Le mouvement de libération des femmes bat son plein en Europe, et l’ONU a proclamé 1975 « année internationale des femmes ». C’est dans ce cadre que le groupe féministe radical Redstockings lance l’idée d’une grève des femmes. Chez la mère de Gudrun, des réunions d’organisation ont lieu dans la cuisine. La jeune fille y assiste, fascinée. Parmi les participantes, une amie de sa mère, Adalheidur Bjarnfredsdottir, une représentante de Sokn, le syndicat des travailleuses non qualifiées.

Le jour venu, l’anxiété est à son comble.
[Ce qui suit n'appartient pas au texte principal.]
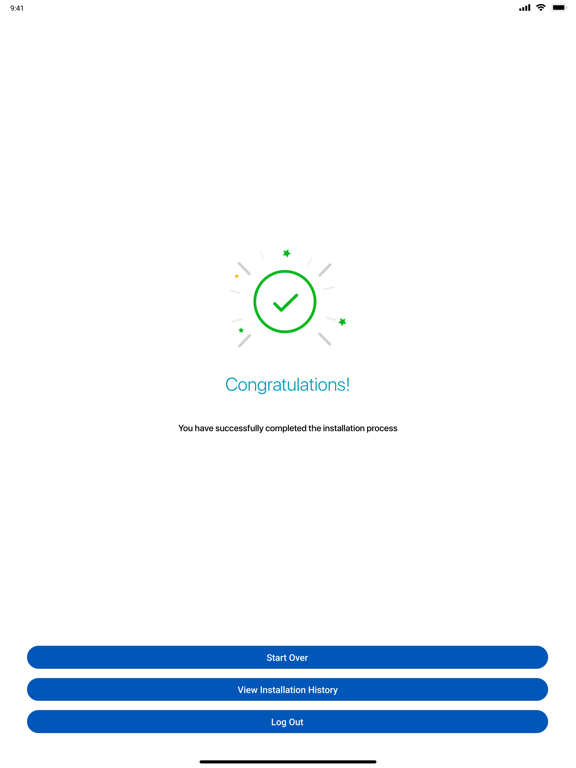 Cradlepoint Verify iPad screenshot 9 - Productivity app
En cas de faible participation, les femmes en grève risquent d’avoir des problèmes au travail. La réaction de leurs compagnons ne va pas non plus de soi. Le mari de Gudrun doit emmener leur fille d’un an à son bureau. « Ça n’a pas plu à ses supérieurs, mais il leur a dit que c’était ça, ou il devait rester à la maison pour la garder. »
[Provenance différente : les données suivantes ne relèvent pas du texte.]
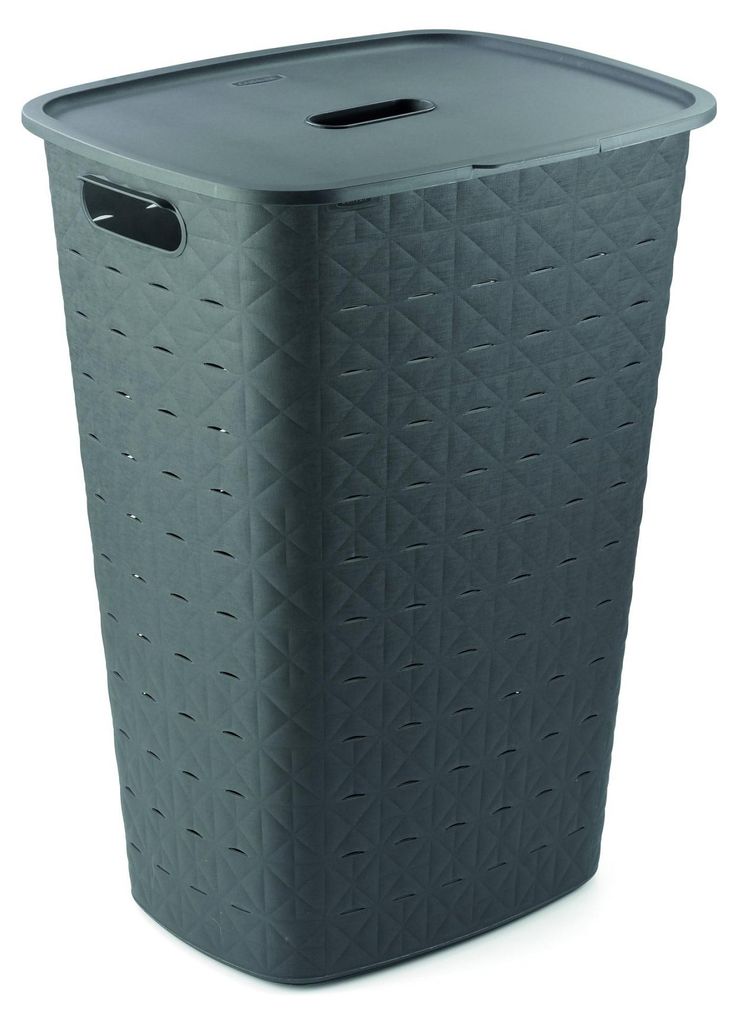 Panier à linge Softex gris foncé 56 L Image du produit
Les hommes doivent remplacer les femmes

Pris de court par un mouvement à l’ampleur duquel ils ne s’attendent pas, les hommes doivent remplacer les femmes au pied levé : à la maison, avec les enfants, mais également dans les entreprises, où les secrétaires, les agentes d’accueil, les assistantes, les vendeuses ont déserté leur poste et sont sorties manifester. « Beaucoup d’hommes ont joué le jeu, mais beaucoup d’autres ont été odieux et se moquaient de nous, se souvient Gudrun. Mon mari m’a soutenue, mais il n’avait pas le choix : soit il comprenait mon combat, soit nous ne pouvions pas être ensemble. »

Dans la rue, quelque 30 000 femmes convergent vers le centre de Reykjavik. La population de l’Islande ne dépasse pas, à cette époque, 220 000 personnes. Du jamais-vu. A mesure que Gudrun découvre l’étendue de la mobilisation, un sentiment nouveau s’empare d’elle. Au milieu de toutes ces femmes, elle comprend que sa colère n’est plus uniquement la sienne. « En un jour, en une heure, le personnel est devenu politique. »

Sa voix se brise lorsqu’elle évoque le moment où elle a vu Adalheidur Bjarnfredsdottir, l’amie de sa mère, cette « travailleuse anonyme inconnue de tous », haranguer la foule au micro. « Tout à coup, j’ai réalisé que j’étais normale. Que depuis tout ce temps, en fait, j’avais eu raison. J’ai réalisé notre force et notre courage, aussi, d’avoir réalisé cela. »

Première femme du monde à être élue présidente

Depuis lors, tout a changé. Gudrun Jonsdottir, alors étudiante en biologie, a consacré sa vie au militantisme. Elle a rejoint un parti féministe, l’Alliance des femmes, et a organisé trois autres grèves, en 1985, 2005 et 2010, date à laquelle 50 000 femmes sont descendues dans la rue. Cinq ans après ce « jour sans femmes », une Islandaise est devenue la première femme du monde à être élue présidente au suffrage universel direct.

Vigdis Finnbogadottir reconnaît d’ailleurs que son élection a été directement liée à cette journée de grève, grâce à laquelle les Islandaises et les Islandais ont pris conscience des inégalités de genre. En 2009, Johanna Sigurdardottir, ouvertement lesbienne, a été élue première ministre. Depuis sept ans, l’Islande est en tête du classement du Forum économique mondial en termes de parité femmes-hommes.

Pourtant, un certain désenchantement pointe. Les inégalités subsistent. « Quand je lis les médias étrangers, j’ai l’impression de vivre au paradis de l’égalité de genre, mais c’est parfois un paradis très théorique, relativise la militante, âgée aujourd’hui de 62 ans. Certes, notre législation est meilleure que celle de beaucoup d’autres pays, mais les lois ne sont pas toujours appliquées. Trop de femmes sont encore victimes de viols. Le système judiciaire ne fonctionne pas quand il s’agit de violences sexuelles. »

Les femmes continuent de gagner entre 14 % et 18 % de moins que les hommes. L’écart de salaire le plus bas du monde. Mais « on n’a aucune fierté à en tirer, ce n’est pas encore l’égalité », se plaint Gudrun Jonsdottir. Le 24 octobre 2016, à l’appel des syndicats et des organisations féministes, les Islandaises ont d’ailleurs cessé de travailler à 14 h 38 pour protester contre cette discrimination. Pour Gudrun Jonsdottir, quarante-deux ans plus tard, le combat continue.